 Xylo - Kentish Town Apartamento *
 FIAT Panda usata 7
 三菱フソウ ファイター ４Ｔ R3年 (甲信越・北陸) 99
———
◆ **Exercise requirements**
Reproduce the material in full. Keep it identical to the original.

◆ **Exercise result**
 Xylo - Kentish Town Apartamento *
 FIAT Panda usata 7
 三菱フソウ ファイター ４Ｔ R3年 (甲信越・北陸) 99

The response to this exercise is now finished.